Comme vous le savez sûrement, Microsoft a annoncé son projet de rachat d'un autre géant du jeu vidéo il y a quelques mois, Activision Blizzard, contre 70 milliards de dollars. Cela lui permettrait d’acquérir de nombreux studios et des licences comme Diablo, World of Warcraft, et surtout Call of Duty. Mais une acquisition d'une telle ampleur exige l'autorisation d'un certain nombre d'agences gouvernementales un peu partout dans le monde, afin de s'assurer qu'il n'y ait pas une situation de monopole. Cela implique le FTC américain et la Commission Européenne, pour citer les 2 principaux, mais ils sont loin d'être les seuls. La procédure de ces agences consiste généralement à consulter différents intervenants notables du milieu, afin d'obtenir leur avis sur la question, cela comprend Ubisoft, Warner Bros, Apple, Riot, Google, Amazon, et bien entendu, Sony, qui a un avis bien tranché sur la question.
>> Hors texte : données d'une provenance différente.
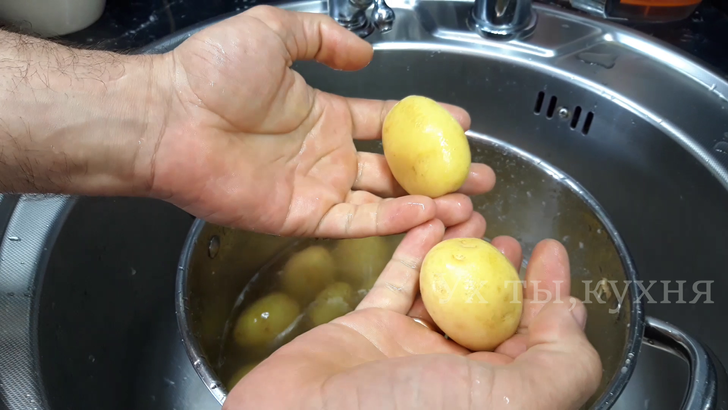 Кулинарные лайфхаки, за которые хоть премию выдавай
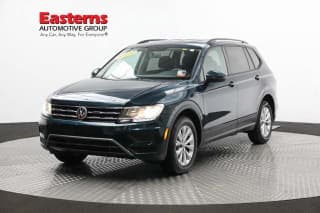 Volkswagen 2019 Tiguan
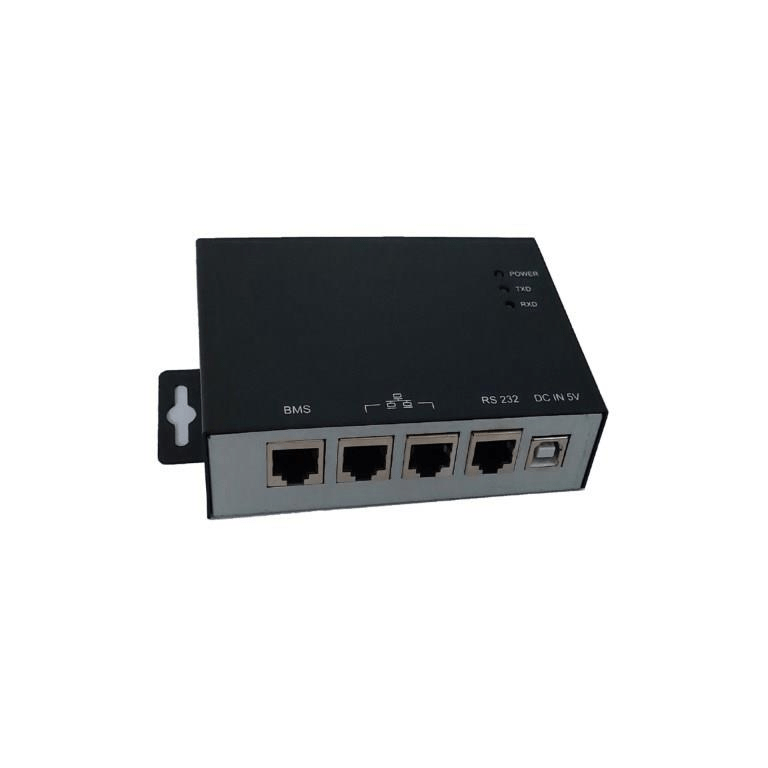 Mecer Axpert BMS Communication Box for Lithium Batteries SOL-I-AX-BMS BOX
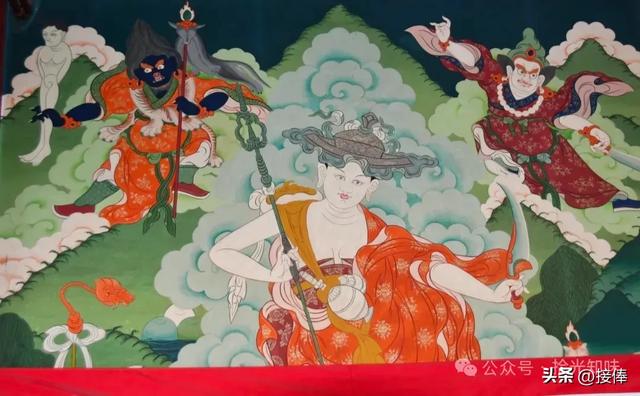 张传禄：塔尔寺游记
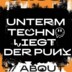 about blank Hamburg Debajo del techno se esconde el punk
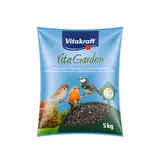 Aliment Graines De Tournesol Pour Oiseaux Du Ciel Vita Garden Classic VITAKRAFT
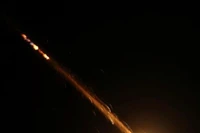 Căng thẳng Israel-Iran: Tổng thống Pháp cảnh báo hỗn loạn nếu can thiệp sâu - 1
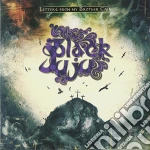 Black Juju - Letters From My Brother Cain cd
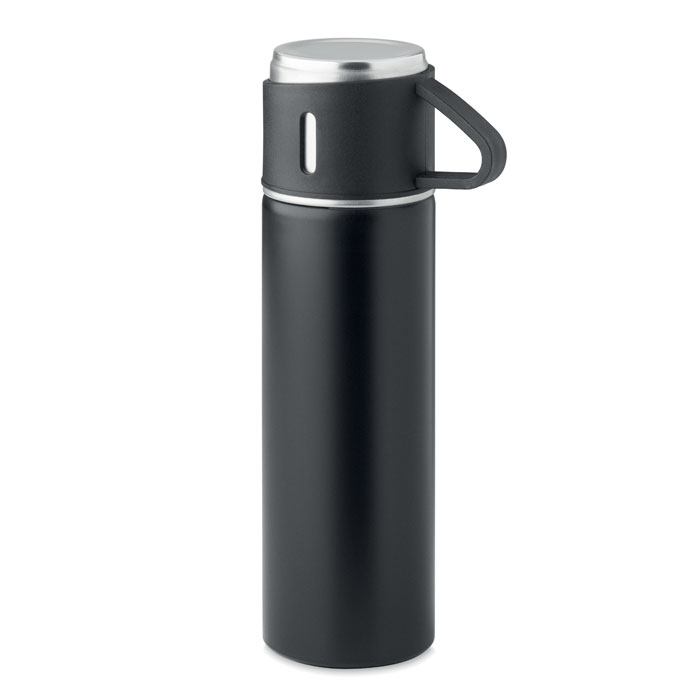 mo2117-03-1 Flasche und Becher-Set 2tlg.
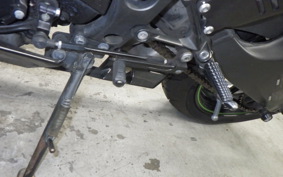 KAWASAKI NINJA ZX-6R 2011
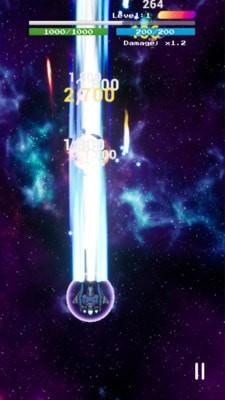 太空战机银河大战安卓版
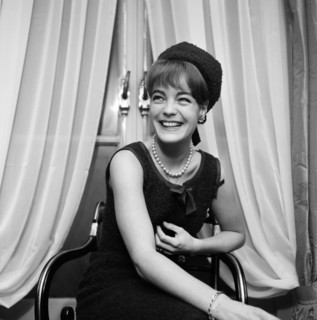Romy Schneider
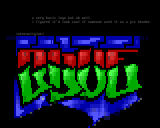 Glue by Internal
L'avis des géants du jeu vidéo sur le rachat d'Activision Blizzard exposé
Près de 20 agences de régulation sont impliquées, avec des pays comme le Japon, la Chine, le Royaume-Uni, chacune avec sa propre procédure et ses propres consultations. Cela comprend aussi le Brésil, avec le Conseil administratif pour la défense économique (CADE), qui a la particularité d'être très transparent. Cela veut dire que la large majorité des documents de ladite procédure et les échanges entre les organismes concernés sont disponibles en ligne (en Portugais), et ils peuvent être consultés librement. Quelques sections restent cachées pour des raisons de confidentialité, mais on peut y consulter des échanges particulièrement savoureux entre Microsoft et Sony. Idas, un utilisateur des forums Resetera, a pris le soin de rassembler ces informations et de les traduire. Et forcément, ce qui nous intéresse dans le cas présent est la longue réponse de Sony, que Microsoft a pu consulter, et à laquelle il a, à son tour, répondu. C'est dans ce contexte qu'ont émergé les accusations intéressantes auxquelles nous faisons référence plus haut : Microsoft accuse distinctement Sony de payer des studios et des éditeurs afin de leur interdire contractuellement de rendre leur jeu disponible dans des services en ligne concurrents, dont le Gamepass spécifiquement. Des documents sur le sujet avaient déjà émergé l'année dernière, lors du procès entre Apple vs. Epic.
Discussion par proxy entre Sony et Microsoft
Vous pouvez consulter la très longue compilation des échanges entre Sony et Microsoft à travers leurs réponses respectives au CADE Brésilien dans ce topic, toujours par Idas, sur Resetera (en Anglais). Voici néanmoins les points principaux qui ont été échangés :
- Sony estime que tous les jeux sont en compétition pour l'intérêt des joueurs, et qu'aucun développeur ne peut concurrencer la franchise Call of Duty d'Activision. C'est une franchise unique et irremplaçable. Et ils estiment que le Game Pass est anti-compétitif pour les éditeurs et ceux qui se reposent sur la vente de consoles. Ce modèle pourrait aussi réduire la qualité des jeux. Ils estiment aussi qu'il faudrait plusieurs années pour créer un concurrent au Game Pass. Pour finir, Sony dit que Call of Duty représente une source importante de revenus pour les consoles Playstation, et qu'ils ne veulent pas que Microsoft en ait l'exclusivité.
- Microsoft a alors répondu à ces éléments, toujours via le CADE. Microsoft affirme que sa capacité à étendre le Game Pass a été gênée par le désir de Sony à empêcher cette croissance, et que Sony paierait pour le droit de bloquer l'ajout de contenu sur le Game Pass et d'autres services à abonnement concurrents. De plus, Microsoft ajoute qu'il n'a pas l'intention de garder les jeux d'Activision Blizzard uniquement sur ses plateformes et ses services, puisque cela ne serait pas profitable. Pour cela, il faudrait que ça puisse attirer suffisamment de nouveaux joueurs sur l'écosystème Xbox, pour compenser les pertes de ventes provoquées par l'absence de ces jeux sur les consoles Sony (entre autres), et ce n'est pas le cas. D'après leurs calculs, les coûts des stratégies d'exclusivités seraient trop élevées, et même si elles étaient appliquées, cela ne produirait pas une situation anti-compétitive.